I wrote up KAR stock back in 2021 when investors were confusing secular issues (auctions are becoming more competitive with online presence) with cyclical ones (there just were no cars to sell!).
Now, KAR is selling it’s physical auction business to Carvana in a $2.2BN transaction ($1.6BN after–taxes). This is great compared to pre-sale market cap of $1.6BN (+$1.9BN of corp debt).
Interestingly, KAR says it will only lose about $100MM of EBITDA (KAR did $481MM in 2021). So they sold the physical auction business for about 22x.
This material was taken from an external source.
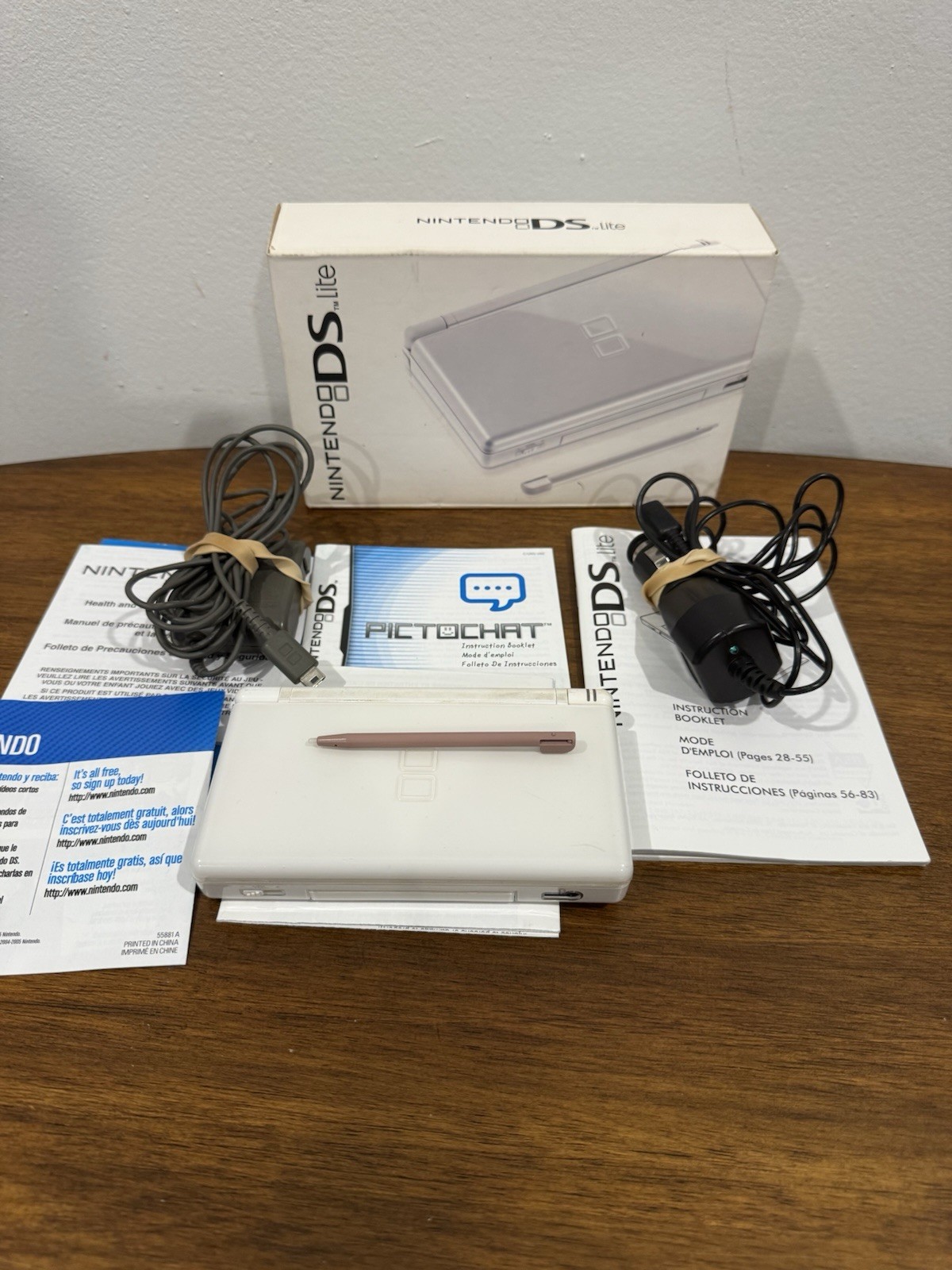 Nintendo DS Lite Console Polar White CIB + 29 Games TESTED WORKING – Lot Bundle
So Ryan, I believe, from a revenue standpoint, the revenue impact is approximately, I believe, $800 million in the current year. And Eric may correct me if I’m wrong. And the adjusted EBITDA impact in the current year are approximately $100 million. As I mentioned, that $100 million is a combination of 3 numbers, the EBITDA of the business, which is the significant majority of that number, I would say, by far. And then revenue from the commercial service agreement, which is a modest sum in the current year. And stranded costs, which is an even more modest sum in the current year, but obviously, some benefit, we think, over time there as well.
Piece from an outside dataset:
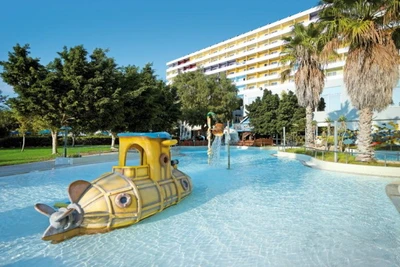Hôtel Esperides Beach Hotel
They’ll get about 50% of their EV by selling 25% of their EBITDA. Not bad!
Here’s the thing: The core to my thesis was that I thought physical auctions were necessary AND a competitive advantage.
Reminder: I used to buy and sell used cars. I bought a couple lemons online and personally, I swore it off. There are simply too many moving parts on a car to capture it in a picture, especially those that are coming from a lease.
When a vehicle comes off-lease, if the leaseholder and dealer do not purchase the vehicle, the captive finance company then owns it and sells it. Because finance companies do not have dealerships, they use the wholesale market to sells the cars back to the dealer network. Typically a vehicle will enter an OPENLANE closed online auction (only open to that OEM’s franchise dealer network), if it doesn’t sell there it will move to an OPENLANE open online auction (open to all of KAR’s registered dealer buyers), and if it doesn’t sell there it will be moved to/ sold at physical auction.
So why am I selling?
This sounds like KAR is keeping the great parts? Doesn’t the KAR stock look cheap now with all that cash?
Maybe, but I don’t want to own this anymore. It is against what I firmly believe the industry requires to move volume efficiently. So, so, so many cars actually end up going into physical auction. And I think having this integration is actually valuable. I don’t have the numbers on me, but the last two years are irrelevant anyway.
Online is less capital intensive (theoretically…), but it isn’t clear to me who the “winner” will be long-term. I worry about that. Clearly KAR has acquired several online platforms that weren’t around just a few years ago.
If OPENLANE wasn’t the obvious winner (i.e. they had to acquire other players to augment it), why would it be in the future?
I somewhat doubt that because of this, KAR stock should trade at a structurally higher multiple. Could be totally wrong.
Oh, and last thing, KAR has a pref that converts at 17.75, so share count is going up 29% (my math it goes from 124 to 159-160, could be wrong though). I knew this going in, but given all the moving parts, I am closing out here.
I have the pro forma KAR stock trading at ~9x PF EBITDA ($3bn market cap, $100MM net debt vs. $345MM of EBITDA). That screens somewhat cheap, but I’m not staying along.